Uncertainty Encoding - TobiasSchmidtDE/DeepL-MedicalImaging GitHub Wiki

First, we take a look at how the labels in the dataset are designed:
positive label (1): observations with at least one positively classified mention in the report
uncertain label (u): no positively classified mention and at least one uncertain mention
negative label (0): observations with at least one negatively classified mention in the report
NaN: no mention of the observation

Strategies

Ignoring/U-Ignore

ignore all uncertain labels during training
but: reduces the effective size of the dataset

Binary Mapping

U-Zeros: map all u-labels to 0
U-Ones: map all u-labels to 1

Class-based Uncertainty Encoding

instead of using one binary mapping for all classes, a class-based approach can be used
it has been stated in literature that different classes work better with different uncertainty encodings
all papers we could find only focus on the 5 best-performing classes, so we do not have any predetermined information on what encodings work best for all of the 12 classes
(the only paper)[ https://ieeexplore.ieee.org/stamp/stamp.jsp?arnumber=8719904] that reports results for all 12 classes uses the UIgnore approach, an approach that we have outruled simply because we will lose a lot of data

We run a comparison experiment and determine the best uncertainty encodings ourselves:

Pathology	UZeroes	UOnes
En.
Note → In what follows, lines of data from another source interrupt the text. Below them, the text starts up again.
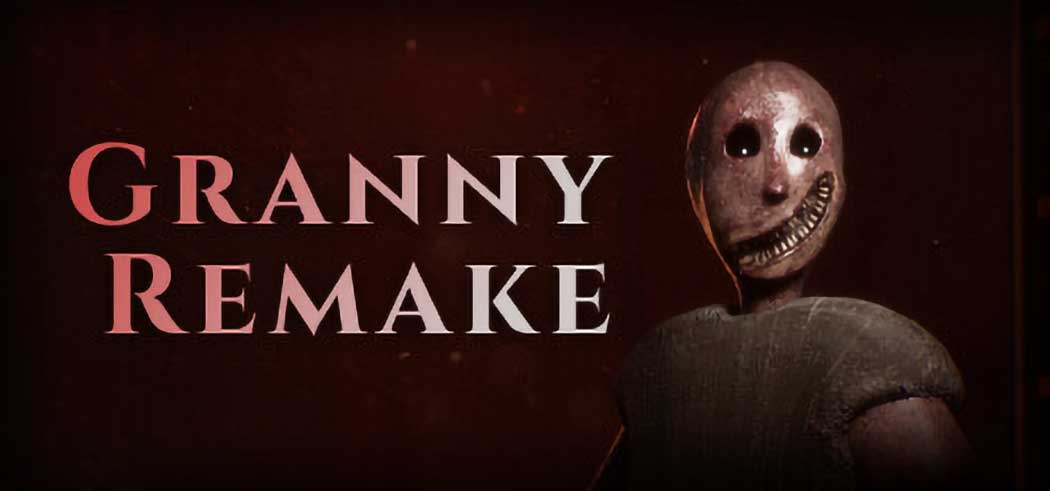 Granny Remake Banner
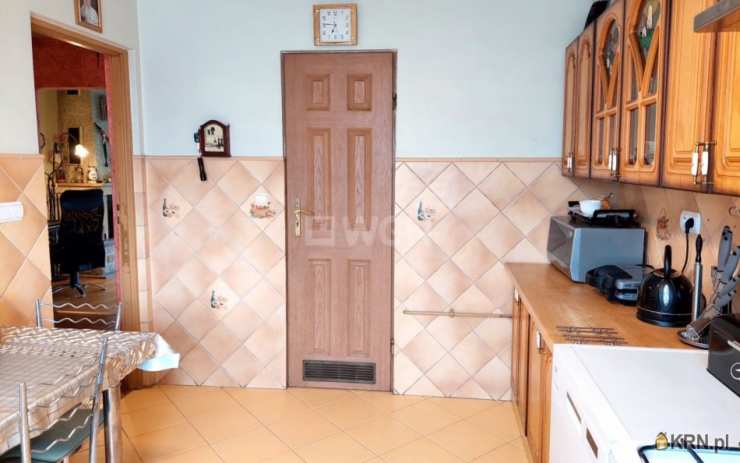 Dom  na sprzedaż, 4 pokojowe, Łagoszów Wielki, ul. 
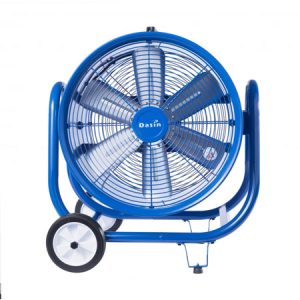 Quạt Hút Công Nghiệp Dasin KIN-500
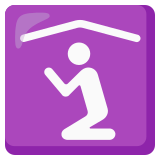 Luogo di culto - Noto Color Emoji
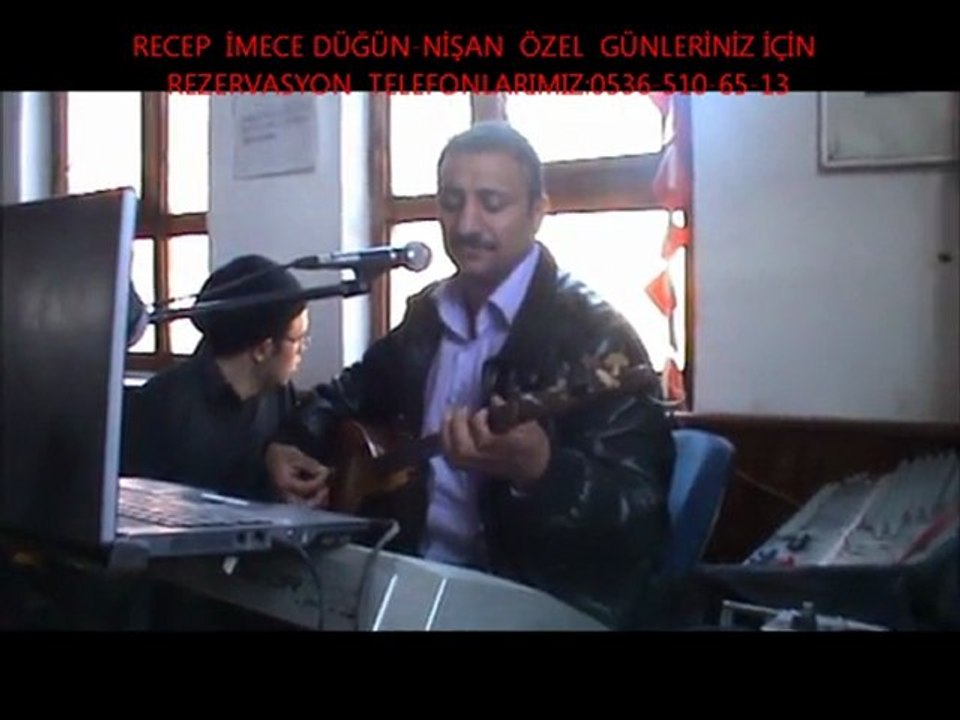 RECEP  İMECE ERZURUMA  VARDIM  DUMANLI  DAĞLAR  ERZİNCANA GİRDİM NE GÜZEL  BAĞLAR   AKDOĞAN KÖYÜ  DÜĞÜNLERİ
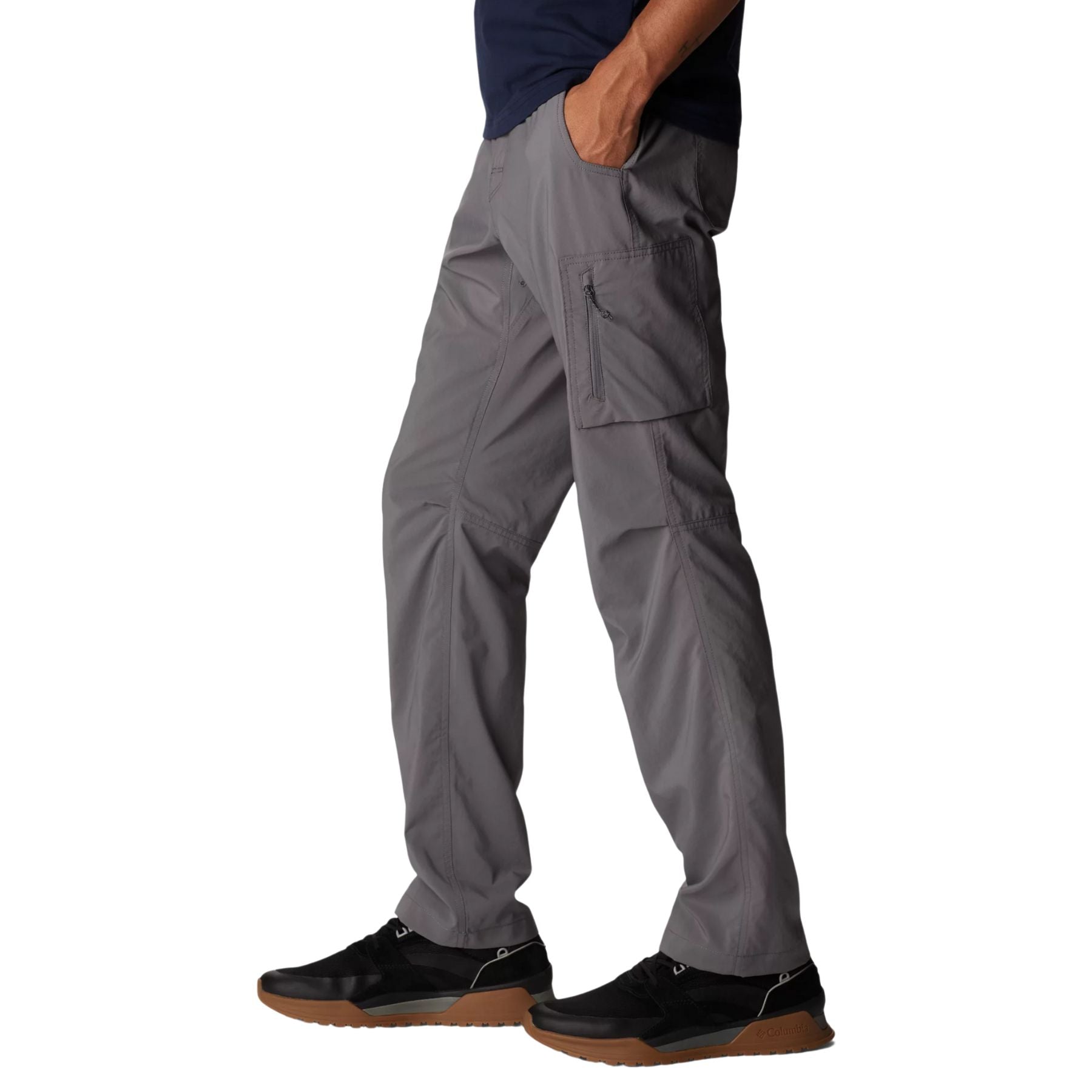 Columbia Silver Ridge Hose Herren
Cardiomegastinum	0.529	0.520
Cardiomegaly	0.782	0.762
Lung Opacity	0.905	0.858
Lung Lesion	0.761	0.824
Edema	0.901	0.891
Consolidation	0.935	0.901
Pneumonia	0.742	0.765
Atelectasis	0.807	0.768
Pneumothorax	0.692	0.795
Pleural Effusion	0.924	0.927
Pleural Other	0.984	0.877

How to handle NaN values

A problem we encountered with the dataset were NaN values in the training set. NaN-labels mean that the NLP labeler could not find any mention of that in the report. We decide to encode this as 0, as the disease would have been specifically mentioned in the report if it would be present. In this case we calculate the BCE for all classes and average it.
We have also implemented and tested a masked loss function, where the BCE is calculated only for the classes where we have no-NaN labels, but did not find any improvements in using this custom loss function.